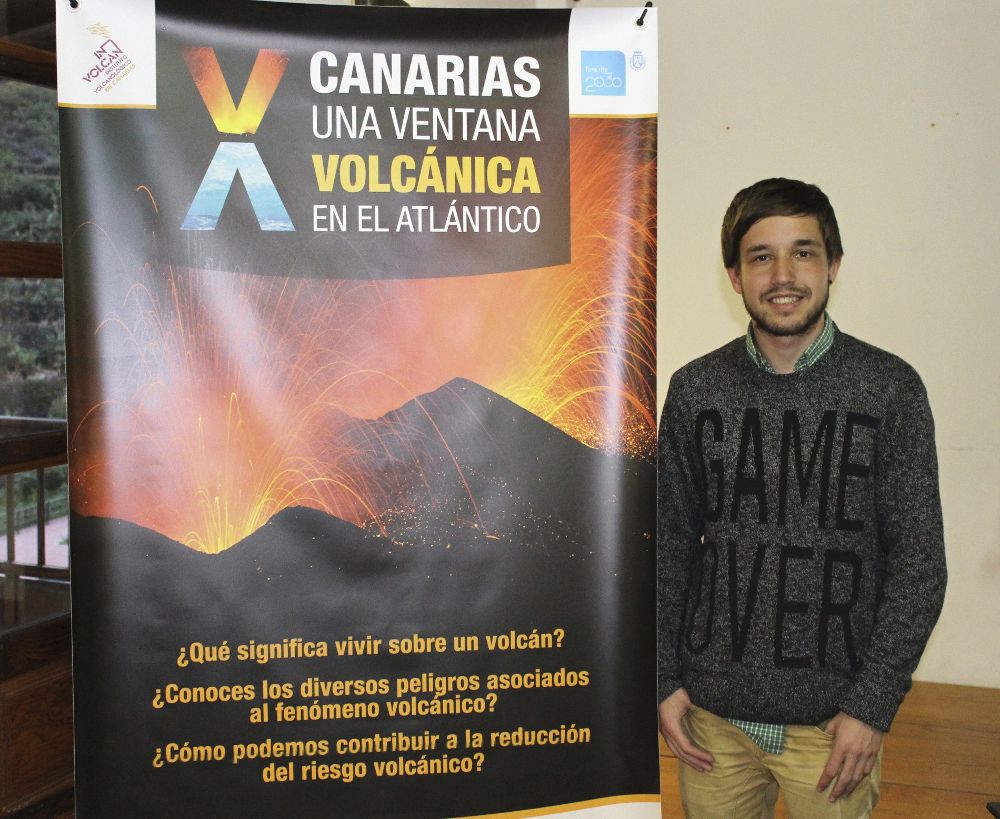 El geólogo e investigador del Centro Nacional de Volcanología, Rubén García Hernández.
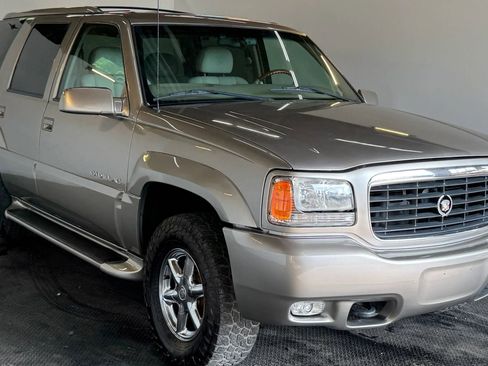 Used 2000 Cadillac Escalade 4WD image 4
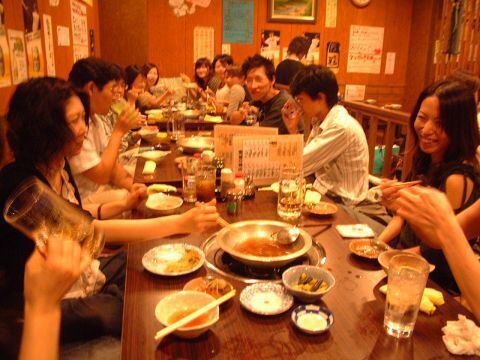 難波の人気もつ鍋店！今宵も多くの大人たちが味に魅せられ集う！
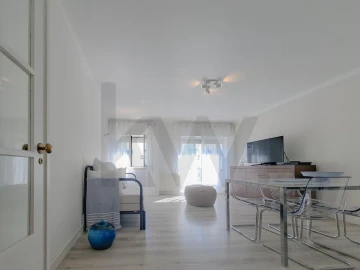 Apartamento T2 para Venda em Carcavelos e Parede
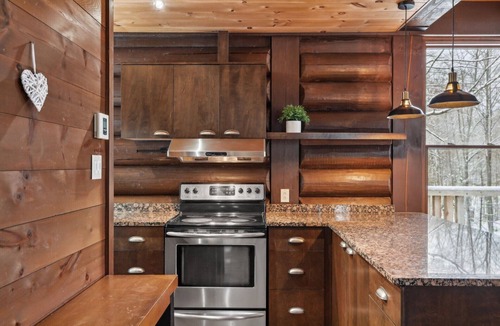 Lac Superieur Village Ski Chalet | At only 7 km from Mont-Tremblant Skiing, Dream Chalet with Spa & Fireplace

[What you are asked to do]:
Lines from the one holding "難波の人気もつ鍋店！今宵も多くの大人たちが味に魅せられ集う！" to the end of the data, both ends included, are to be given again exactly; no pictures belong in the copy.

[Problem solution]:
 難波の人気もつ鍋店！今宵も多くの大人たちが味に魅せられ集う！
 Apartamento T2 para Venda em Carcavelos e Parede
 Lac Superieur Village Ski Chalet | At only 7 km from Mont-Tremblant Skiing, Dream Chalet with Spa & Fireplace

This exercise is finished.